┏━━
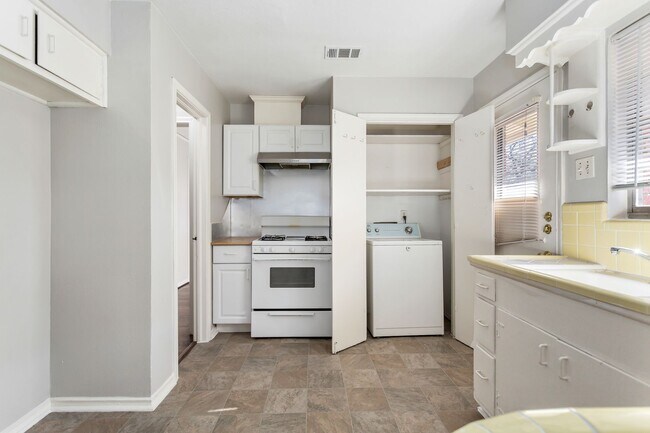 Building Photo - 6520/6522 SAINT MORITZ AVE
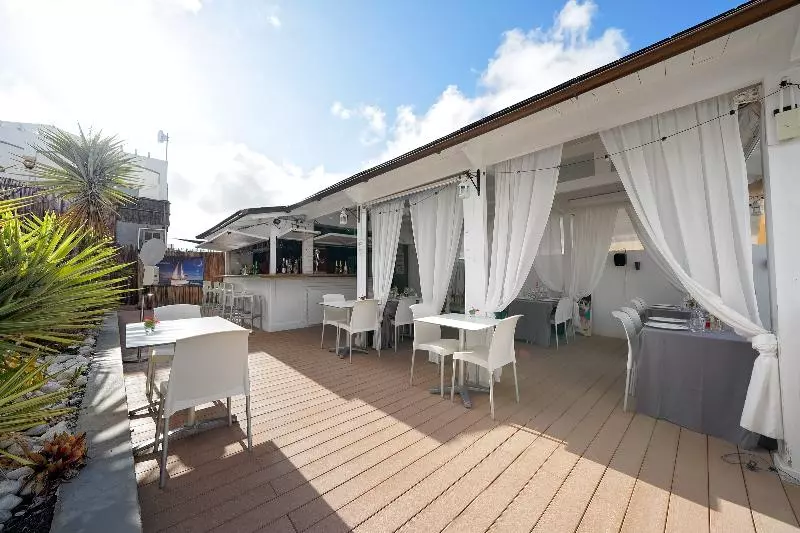 Vista Bonita, Gay and Lesbian Only Resort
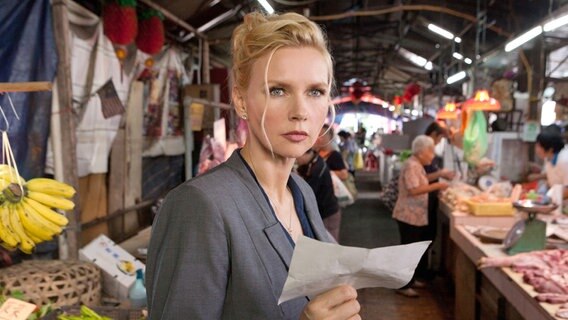 Die Berliner Kuratorin Victoria Philips (Veronica Ferres) wird in ein Komplott um eine geraubte Kunstsammlung verwickelt. Die Berliner Kuratorin Victoria Philips (Veronica Ferres) wird in ein Komplott um eine geraubte Kunstsammlung verwickelt. © NDR/ARD Degeto/Thomas Kost
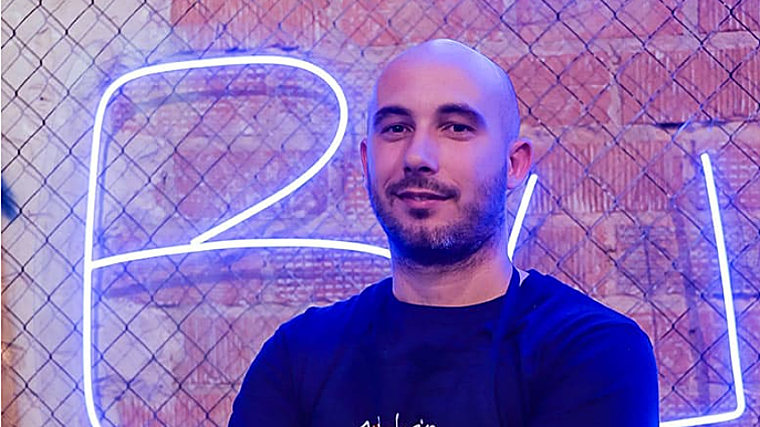 Juan Higueras, uno de los propietarios de Burger Food Porn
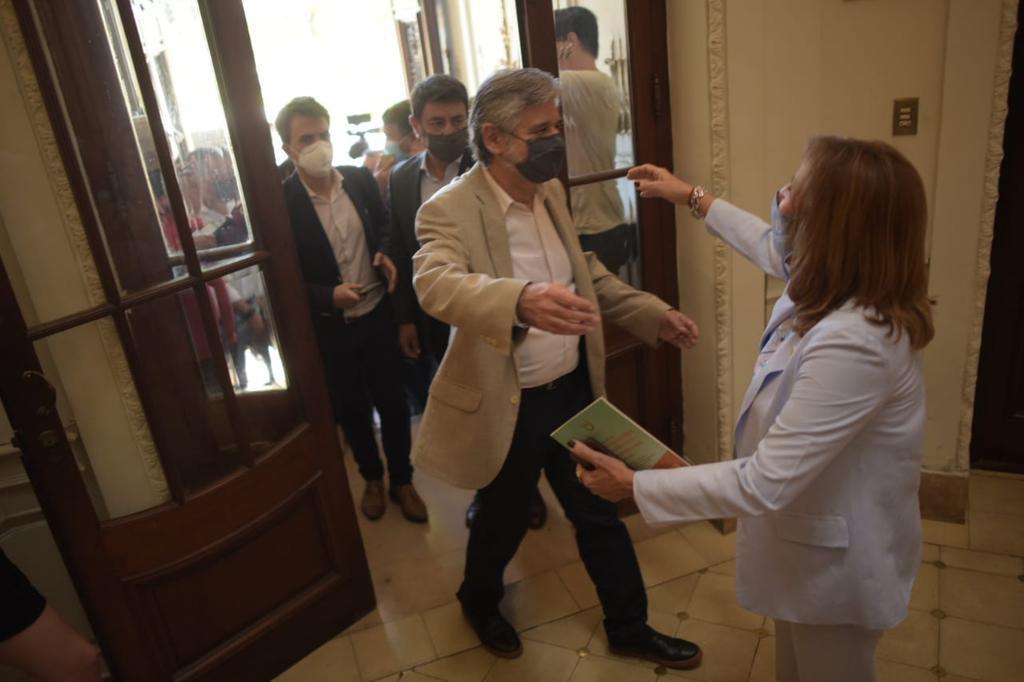 Delfina-Veirave-Daniel-Filmus-21-11-01-02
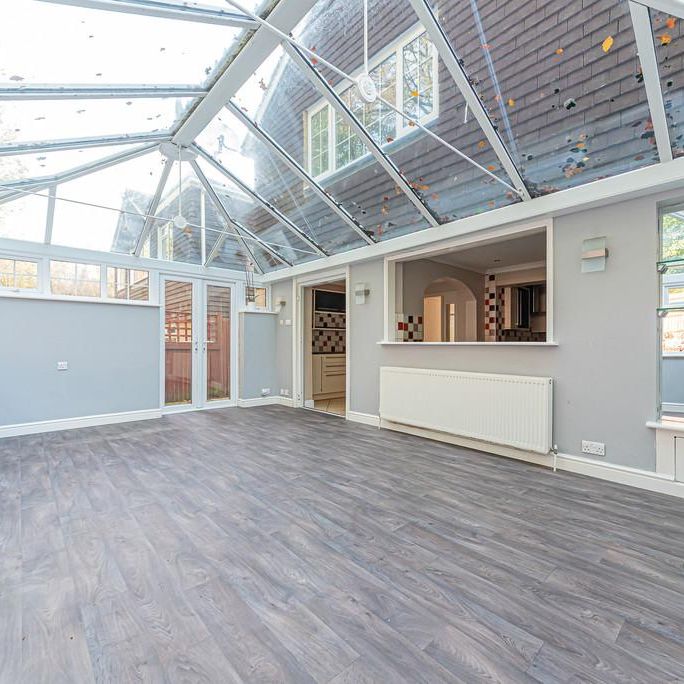 5 bedroom detached house to rent - Photo 1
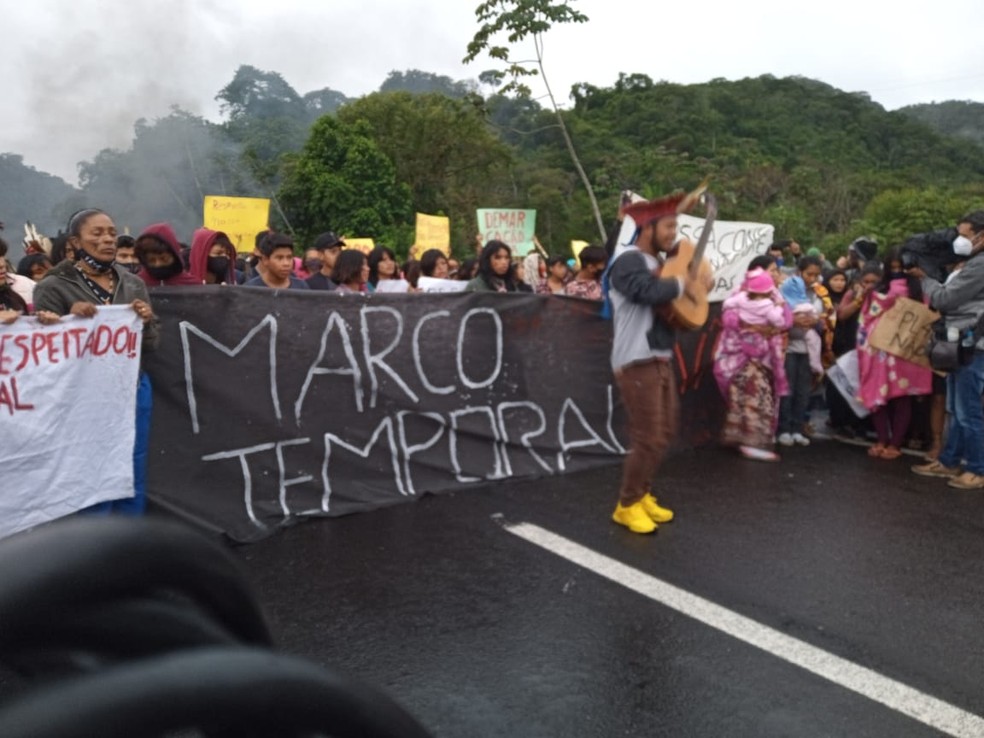 Manifestantes cantaram na via durante o protesto — Foto: Dione Aguiar/G1 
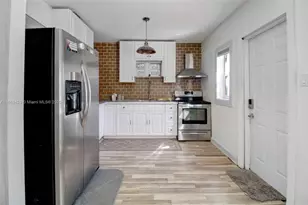14440 Monroe St, Miami, FL 33176 - Photo 10
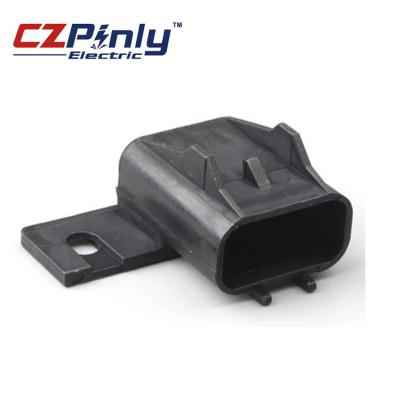 China 2 Pin Auto Fuse Box Plug Socket Automotive Connector for sale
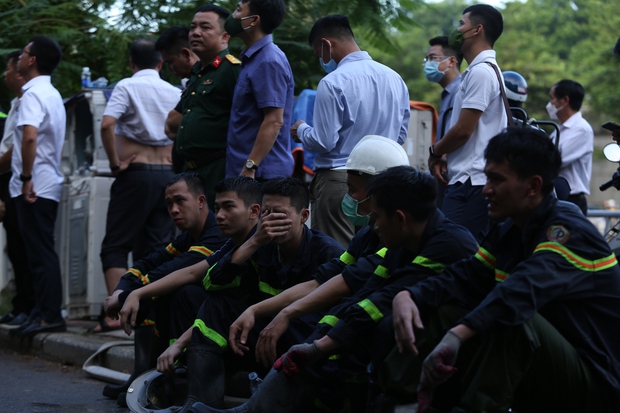 Toàn cảnh vụ cháy quán karaoke ở Hà Nội: Lửa bùng hàng giờ, nhiều gương mặt thất thần khi chứng kiến 3 đồng đội anh dũng hy sinh - Ảnh 11.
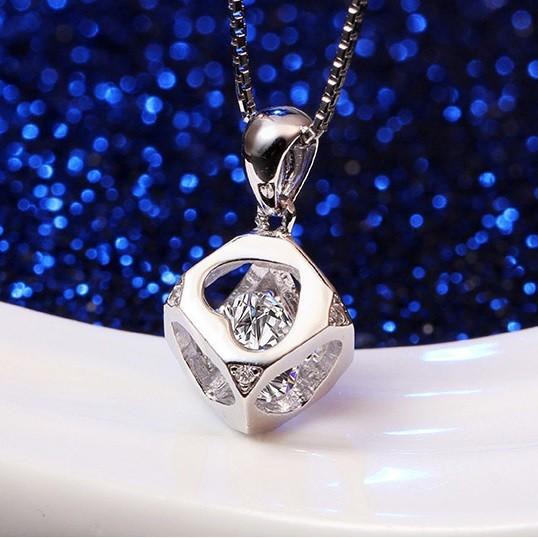ネックレス キューブ 四角 ハート レディース czダイヤ シルバー925プラチナ仕上げ 人気 プレ...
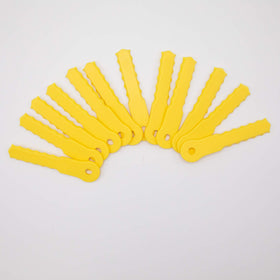 Weed Warrior nylon replacement blades deliver durable performance in tough grass and light brush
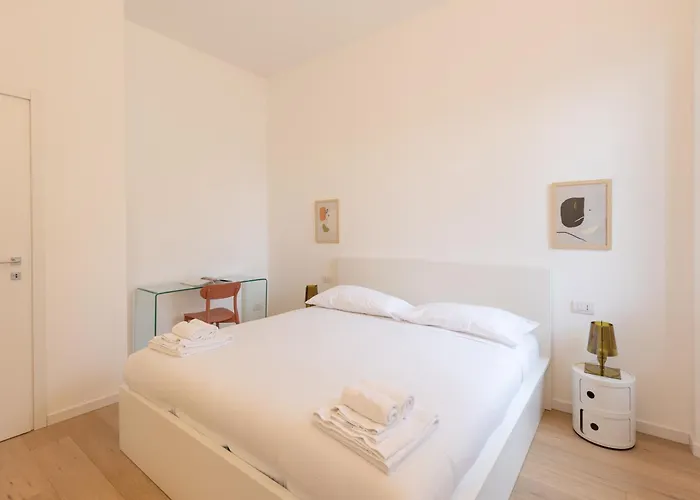 Splendido Quadrilocale Darsena - Mirable Pm *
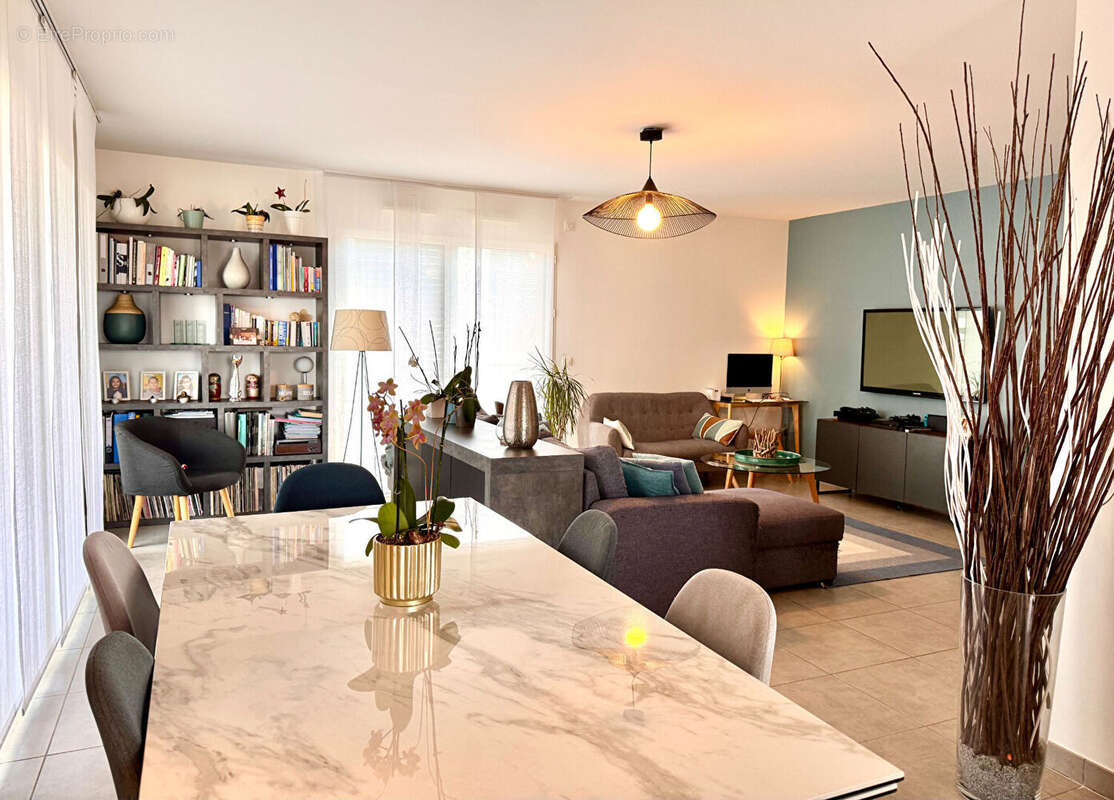 Appartement à FEIGERES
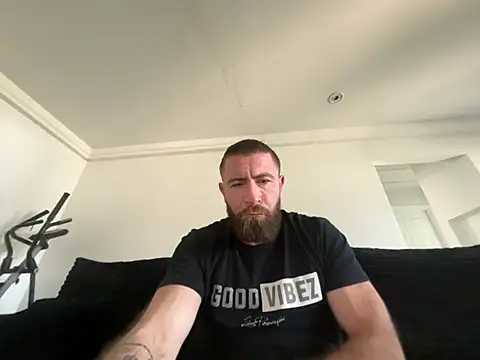 biggdickbandit92 online show from March 9, 5:49 pm
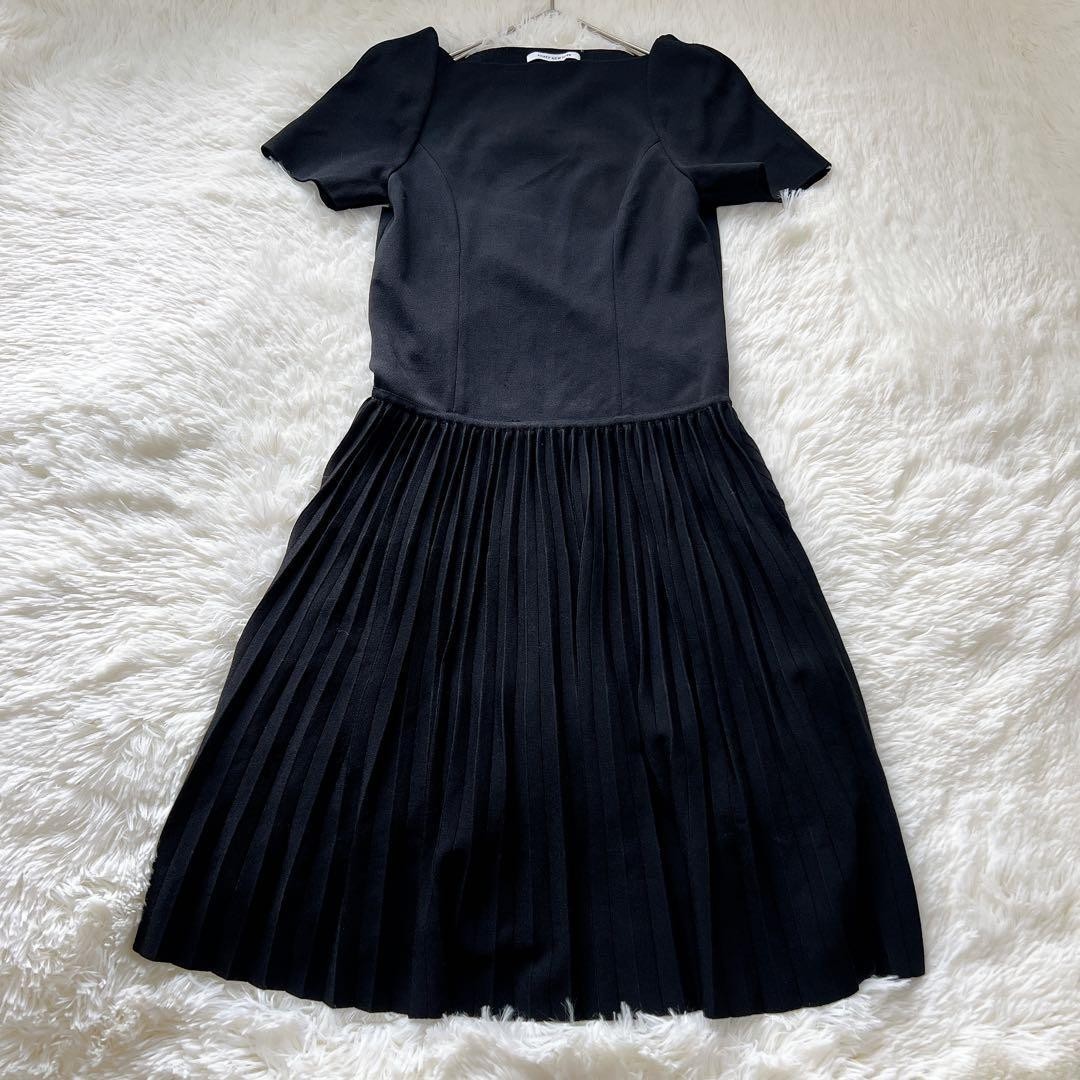 FOXEY NEW YORK Collection Black Pleated Knit Dress Short Sleeve Made in Japan 38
┗━━
WHAT THE TASK ASKS: Take the lines above from the top of the records through the one with "Splendido Quadrilocale Darsena" and repeat them exactly, without any pictures.

TASK SOLUTION:
 Building Photo - 6520/6522 SAINT MORITZ AVE
 Vista Bonita, Gay and Lesbian Only Resort
 Die Berliner Kuratorin Victoria Philips (Veronica Ferres) wird in ein Komplott um eine geraubte Kunstsammlung verwickelt. Die Berliner Kuratorin Victoria Philips (Veronica Ferres) wird in ein Komplott um eine geraubte Kunstsammlung verwickelt. © NDR/ARD Degeto/Thomas Kost
 Juan Higueras, uno de los propietarios de Burger Food Porn
 Delfina-Veirave-Daniel-Filmus-21-11-01-02
 5 bedroom detached house to rent - Photo 1
 Manifestantes cantaram na via durante o protesto — Foto: Dione Aguiar/G1 
14440 Monroe St, Miami, FL 33176 - Photo 10
 China 2 Pin Auto Fuse Box Plug Socket Automotive Connector for sale
 Toàn cảnh vụ cháy quán karaoke ở Hà Nội: Lửa bùng hàng giờ, nhiều gương mặt thất thần khi chứng kiến 3 đồng đội anh dũng hy sinh - Ảnh 11.
ネックレス キューブ 四角 ハート レディース czダイヤ シルバー925プラチナ仕上げ 人気 プレ...
 Weed Warrior nylon replacement blades deliver durable performance in tough grass and light brush
 Splendido Quadrilocale Darsena - Mirable Pm *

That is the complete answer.